Spiders form an important conspicuous invertebrate predator group and a single hectare of tropical rainforest may contain up to 800 species. Spiders as a group also seem to possess the attributes that are generally required to promote an organism as a good ecological indicator: they are diverse, abundant, easily sampled, and functionally significant. To assess the role of spiders as potential biological indicators, we need to first document the responses of spider communities to disturbance. This was addressed in our study in the Indira Gandhi Wildlife Sanctuary and private lands of the Valparai plateau in the Anamalai hills.

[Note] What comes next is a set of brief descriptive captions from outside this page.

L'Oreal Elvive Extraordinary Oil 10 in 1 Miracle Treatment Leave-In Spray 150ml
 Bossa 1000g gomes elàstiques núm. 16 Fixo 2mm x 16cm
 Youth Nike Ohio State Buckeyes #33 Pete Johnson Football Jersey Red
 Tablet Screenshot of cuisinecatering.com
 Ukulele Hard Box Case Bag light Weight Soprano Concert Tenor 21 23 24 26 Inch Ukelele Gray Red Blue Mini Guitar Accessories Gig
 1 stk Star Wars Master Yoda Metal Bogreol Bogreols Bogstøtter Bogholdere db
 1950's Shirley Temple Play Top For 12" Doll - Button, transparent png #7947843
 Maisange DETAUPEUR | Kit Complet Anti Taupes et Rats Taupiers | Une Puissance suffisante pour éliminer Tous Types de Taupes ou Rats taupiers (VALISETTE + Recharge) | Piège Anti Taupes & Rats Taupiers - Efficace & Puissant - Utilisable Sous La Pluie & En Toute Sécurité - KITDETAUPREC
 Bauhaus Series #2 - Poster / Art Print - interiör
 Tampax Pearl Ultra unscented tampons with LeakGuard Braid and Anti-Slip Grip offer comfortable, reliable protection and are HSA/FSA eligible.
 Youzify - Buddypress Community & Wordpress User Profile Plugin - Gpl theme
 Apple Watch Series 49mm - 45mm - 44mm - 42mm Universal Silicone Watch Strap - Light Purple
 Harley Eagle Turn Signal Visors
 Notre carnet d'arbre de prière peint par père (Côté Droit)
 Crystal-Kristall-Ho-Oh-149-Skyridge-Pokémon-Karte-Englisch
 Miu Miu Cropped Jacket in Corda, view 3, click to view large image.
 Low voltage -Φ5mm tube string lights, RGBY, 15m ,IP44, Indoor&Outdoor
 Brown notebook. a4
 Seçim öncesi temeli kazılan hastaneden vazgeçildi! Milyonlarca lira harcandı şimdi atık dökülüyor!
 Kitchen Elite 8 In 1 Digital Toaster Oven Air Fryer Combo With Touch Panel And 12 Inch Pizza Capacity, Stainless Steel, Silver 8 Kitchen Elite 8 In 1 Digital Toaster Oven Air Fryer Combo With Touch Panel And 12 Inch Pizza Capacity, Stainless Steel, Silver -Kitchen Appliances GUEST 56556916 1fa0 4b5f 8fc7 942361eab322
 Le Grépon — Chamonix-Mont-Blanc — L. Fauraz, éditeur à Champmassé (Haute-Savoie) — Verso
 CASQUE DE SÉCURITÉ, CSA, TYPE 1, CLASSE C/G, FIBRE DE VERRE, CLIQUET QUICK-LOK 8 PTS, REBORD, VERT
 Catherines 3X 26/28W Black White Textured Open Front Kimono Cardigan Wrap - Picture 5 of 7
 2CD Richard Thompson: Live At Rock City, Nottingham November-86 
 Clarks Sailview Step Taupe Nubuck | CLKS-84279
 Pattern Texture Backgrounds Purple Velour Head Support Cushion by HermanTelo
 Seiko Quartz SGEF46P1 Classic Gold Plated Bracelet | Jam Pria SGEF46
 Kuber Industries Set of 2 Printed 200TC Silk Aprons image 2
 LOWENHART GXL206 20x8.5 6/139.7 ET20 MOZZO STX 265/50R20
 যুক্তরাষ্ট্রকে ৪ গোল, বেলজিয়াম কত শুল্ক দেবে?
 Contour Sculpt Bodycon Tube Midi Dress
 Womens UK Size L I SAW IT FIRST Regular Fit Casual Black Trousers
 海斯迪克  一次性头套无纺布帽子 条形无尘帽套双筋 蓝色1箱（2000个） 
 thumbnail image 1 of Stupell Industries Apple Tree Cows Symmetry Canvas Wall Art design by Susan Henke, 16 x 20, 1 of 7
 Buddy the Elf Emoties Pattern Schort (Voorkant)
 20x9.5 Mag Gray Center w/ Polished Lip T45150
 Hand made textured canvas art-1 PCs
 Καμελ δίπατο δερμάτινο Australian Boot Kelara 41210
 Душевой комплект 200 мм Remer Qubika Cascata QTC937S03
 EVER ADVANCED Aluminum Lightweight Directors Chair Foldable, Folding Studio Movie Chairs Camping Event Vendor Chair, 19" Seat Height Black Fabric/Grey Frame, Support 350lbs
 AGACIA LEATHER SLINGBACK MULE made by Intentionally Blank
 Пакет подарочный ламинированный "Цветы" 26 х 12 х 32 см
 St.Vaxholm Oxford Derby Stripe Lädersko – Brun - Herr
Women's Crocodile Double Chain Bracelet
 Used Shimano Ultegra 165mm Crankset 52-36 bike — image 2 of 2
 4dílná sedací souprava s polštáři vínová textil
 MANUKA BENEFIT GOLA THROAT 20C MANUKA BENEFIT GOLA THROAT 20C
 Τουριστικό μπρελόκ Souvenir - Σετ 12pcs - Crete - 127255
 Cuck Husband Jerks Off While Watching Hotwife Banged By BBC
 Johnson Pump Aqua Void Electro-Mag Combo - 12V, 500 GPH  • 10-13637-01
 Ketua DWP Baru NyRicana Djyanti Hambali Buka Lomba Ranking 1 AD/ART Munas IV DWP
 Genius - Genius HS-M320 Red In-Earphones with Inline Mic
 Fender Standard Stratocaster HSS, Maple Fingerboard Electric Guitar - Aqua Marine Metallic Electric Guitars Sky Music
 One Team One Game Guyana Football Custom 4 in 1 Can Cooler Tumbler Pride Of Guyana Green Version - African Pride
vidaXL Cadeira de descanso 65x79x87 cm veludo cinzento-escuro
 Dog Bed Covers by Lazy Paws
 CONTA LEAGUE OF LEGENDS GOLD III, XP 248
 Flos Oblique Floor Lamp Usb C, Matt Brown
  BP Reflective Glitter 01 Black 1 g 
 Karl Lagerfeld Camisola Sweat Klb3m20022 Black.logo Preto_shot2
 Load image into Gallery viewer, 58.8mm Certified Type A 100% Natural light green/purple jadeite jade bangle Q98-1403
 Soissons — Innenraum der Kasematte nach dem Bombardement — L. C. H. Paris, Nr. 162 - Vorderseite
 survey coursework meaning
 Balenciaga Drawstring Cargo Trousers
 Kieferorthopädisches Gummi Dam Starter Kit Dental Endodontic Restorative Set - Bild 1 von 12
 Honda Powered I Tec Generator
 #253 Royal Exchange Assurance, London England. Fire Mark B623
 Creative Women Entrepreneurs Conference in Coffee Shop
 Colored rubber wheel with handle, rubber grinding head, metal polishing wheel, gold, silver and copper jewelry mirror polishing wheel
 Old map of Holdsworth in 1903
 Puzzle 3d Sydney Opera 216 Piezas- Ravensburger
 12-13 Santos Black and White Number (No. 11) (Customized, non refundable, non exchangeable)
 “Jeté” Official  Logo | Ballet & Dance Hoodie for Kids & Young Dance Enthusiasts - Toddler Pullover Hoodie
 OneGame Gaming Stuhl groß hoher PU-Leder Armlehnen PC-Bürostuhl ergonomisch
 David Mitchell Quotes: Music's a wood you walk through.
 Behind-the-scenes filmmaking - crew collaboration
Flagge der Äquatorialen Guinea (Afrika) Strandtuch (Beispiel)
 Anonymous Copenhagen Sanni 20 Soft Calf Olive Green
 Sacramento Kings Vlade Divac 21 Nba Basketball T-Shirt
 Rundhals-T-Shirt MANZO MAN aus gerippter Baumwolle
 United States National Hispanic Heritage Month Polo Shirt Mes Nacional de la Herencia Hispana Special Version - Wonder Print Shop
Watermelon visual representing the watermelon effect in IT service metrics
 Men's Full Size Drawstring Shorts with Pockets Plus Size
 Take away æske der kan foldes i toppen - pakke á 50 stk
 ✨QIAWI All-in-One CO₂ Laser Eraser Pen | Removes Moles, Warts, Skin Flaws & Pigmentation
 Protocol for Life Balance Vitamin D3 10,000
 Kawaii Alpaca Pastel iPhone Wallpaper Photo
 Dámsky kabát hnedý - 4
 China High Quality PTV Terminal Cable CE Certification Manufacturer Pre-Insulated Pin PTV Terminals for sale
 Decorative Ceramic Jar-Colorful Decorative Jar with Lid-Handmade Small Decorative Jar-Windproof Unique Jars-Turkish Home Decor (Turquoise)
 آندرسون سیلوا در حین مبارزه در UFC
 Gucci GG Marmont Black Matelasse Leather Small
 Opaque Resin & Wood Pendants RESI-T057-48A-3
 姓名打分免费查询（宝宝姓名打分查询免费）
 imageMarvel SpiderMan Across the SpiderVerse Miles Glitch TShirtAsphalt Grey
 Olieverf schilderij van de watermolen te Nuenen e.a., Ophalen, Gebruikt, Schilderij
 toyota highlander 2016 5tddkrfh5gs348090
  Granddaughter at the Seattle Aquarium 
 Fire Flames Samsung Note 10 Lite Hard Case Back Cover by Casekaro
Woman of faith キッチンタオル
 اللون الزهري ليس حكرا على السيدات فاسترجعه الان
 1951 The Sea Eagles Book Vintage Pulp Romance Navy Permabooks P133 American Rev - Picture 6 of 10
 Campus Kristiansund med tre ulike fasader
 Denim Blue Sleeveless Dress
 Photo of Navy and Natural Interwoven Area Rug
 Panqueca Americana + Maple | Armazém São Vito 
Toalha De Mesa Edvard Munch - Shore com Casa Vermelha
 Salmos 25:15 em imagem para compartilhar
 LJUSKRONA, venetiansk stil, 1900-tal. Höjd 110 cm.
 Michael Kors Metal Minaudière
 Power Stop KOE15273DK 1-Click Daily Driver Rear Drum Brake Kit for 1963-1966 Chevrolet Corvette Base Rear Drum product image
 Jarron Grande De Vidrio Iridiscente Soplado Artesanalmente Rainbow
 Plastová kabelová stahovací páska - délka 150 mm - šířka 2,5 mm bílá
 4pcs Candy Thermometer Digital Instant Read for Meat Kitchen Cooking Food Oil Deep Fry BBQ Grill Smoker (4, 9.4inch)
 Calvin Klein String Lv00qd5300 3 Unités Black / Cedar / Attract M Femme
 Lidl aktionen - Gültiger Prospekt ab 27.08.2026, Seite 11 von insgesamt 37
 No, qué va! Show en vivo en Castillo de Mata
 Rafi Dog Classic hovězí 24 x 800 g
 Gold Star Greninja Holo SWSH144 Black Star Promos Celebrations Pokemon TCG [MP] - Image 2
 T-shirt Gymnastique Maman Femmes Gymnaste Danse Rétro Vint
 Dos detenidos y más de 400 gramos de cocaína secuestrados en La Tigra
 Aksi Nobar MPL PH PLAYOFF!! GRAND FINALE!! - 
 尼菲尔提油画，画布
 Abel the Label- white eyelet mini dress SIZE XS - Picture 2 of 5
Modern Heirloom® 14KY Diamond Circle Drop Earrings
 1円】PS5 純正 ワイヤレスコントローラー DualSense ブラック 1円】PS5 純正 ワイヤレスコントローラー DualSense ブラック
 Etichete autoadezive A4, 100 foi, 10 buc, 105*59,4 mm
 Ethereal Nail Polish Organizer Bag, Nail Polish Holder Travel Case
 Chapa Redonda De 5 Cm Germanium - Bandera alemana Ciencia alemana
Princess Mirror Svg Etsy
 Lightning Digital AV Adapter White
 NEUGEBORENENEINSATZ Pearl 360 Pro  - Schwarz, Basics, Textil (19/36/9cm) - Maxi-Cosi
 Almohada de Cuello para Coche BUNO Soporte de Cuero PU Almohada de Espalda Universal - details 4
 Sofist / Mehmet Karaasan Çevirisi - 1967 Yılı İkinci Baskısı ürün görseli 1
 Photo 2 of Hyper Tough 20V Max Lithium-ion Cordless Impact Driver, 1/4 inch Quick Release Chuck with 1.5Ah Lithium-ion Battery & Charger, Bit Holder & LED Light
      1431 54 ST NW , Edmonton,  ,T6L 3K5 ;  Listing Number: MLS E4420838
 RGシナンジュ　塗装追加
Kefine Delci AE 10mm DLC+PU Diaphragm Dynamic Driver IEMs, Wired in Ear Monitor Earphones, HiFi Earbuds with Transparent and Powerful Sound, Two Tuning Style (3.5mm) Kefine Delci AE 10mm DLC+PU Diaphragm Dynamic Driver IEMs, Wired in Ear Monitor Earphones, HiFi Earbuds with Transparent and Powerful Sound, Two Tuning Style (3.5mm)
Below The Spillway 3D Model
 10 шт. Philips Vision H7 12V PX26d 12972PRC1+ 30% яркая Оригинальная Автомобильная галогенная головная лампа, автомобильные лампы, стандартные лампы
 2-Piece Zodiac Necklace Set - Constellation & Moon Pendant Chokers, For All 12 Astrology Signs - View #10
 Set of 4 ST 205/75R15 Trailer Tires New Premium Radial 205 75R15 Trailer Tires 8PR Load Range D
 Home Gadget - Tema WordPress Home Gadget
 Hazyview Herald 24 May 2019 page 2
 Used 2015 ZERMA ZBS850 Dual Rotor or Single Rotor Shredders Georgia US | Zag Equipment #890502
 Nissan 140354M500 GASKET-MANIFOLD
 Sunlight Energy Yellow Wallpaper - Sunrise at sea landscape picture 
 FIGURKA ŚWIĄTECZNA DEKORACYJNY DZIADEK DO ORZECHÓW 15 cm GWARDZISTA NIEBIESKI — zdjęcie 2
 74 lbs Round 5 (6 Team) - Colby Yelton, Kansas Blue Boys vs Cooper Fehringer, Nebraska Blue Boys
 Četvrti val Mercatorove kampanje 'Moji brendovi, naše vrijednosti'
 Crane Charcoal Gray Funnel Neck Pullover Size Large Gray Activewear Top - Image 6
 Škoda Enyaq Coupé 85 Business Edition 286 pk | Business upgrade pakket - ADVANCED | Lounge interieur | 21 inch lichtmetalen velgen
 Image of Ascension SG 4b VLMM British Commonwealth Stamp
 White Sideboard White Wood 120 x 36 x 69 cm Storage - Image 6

Ten rainforest fragments representative of varying levels of degradation, and two shade-coffee plantations were sampled for spiders between January and May 2005. More than 4000 individual spiders belonging to 156 species were recorded. Overall, we found that number of individual spiders and number of species of spiders was not influenced by the fragment area. However, the species of spiders comprising the community changed substantially in relation to habitat alteration and altitude. We also attempted to identify species whose abundance varied substantially between undisturbed, disturbed, and coffee plantation sites. One such species found during this study Psechrus torvus of the family Psechridae is a probable indicator of the “good health” of the forest patch it occurs in. This species was found in high abundances in relatively undisturbed rainforest habitats in the study area and was completely absent from the highly disturbed and coffee sites. Conversely, Tylorida culta and Leucauge sp. both belonging to the family Tetragnathidae tend to become more abundant and common in disturbed sites and coffee plantations.
Such changes in spider communities may reflect ecological impacts at the lower levels in the food chain. For restoration efforts aiming to bring back original vegetation and ecological processes to as near a pre-disturbance state as possible, spiders may serve as useful target organisms for long-term monitoring of restored and recovering rainforest habitats.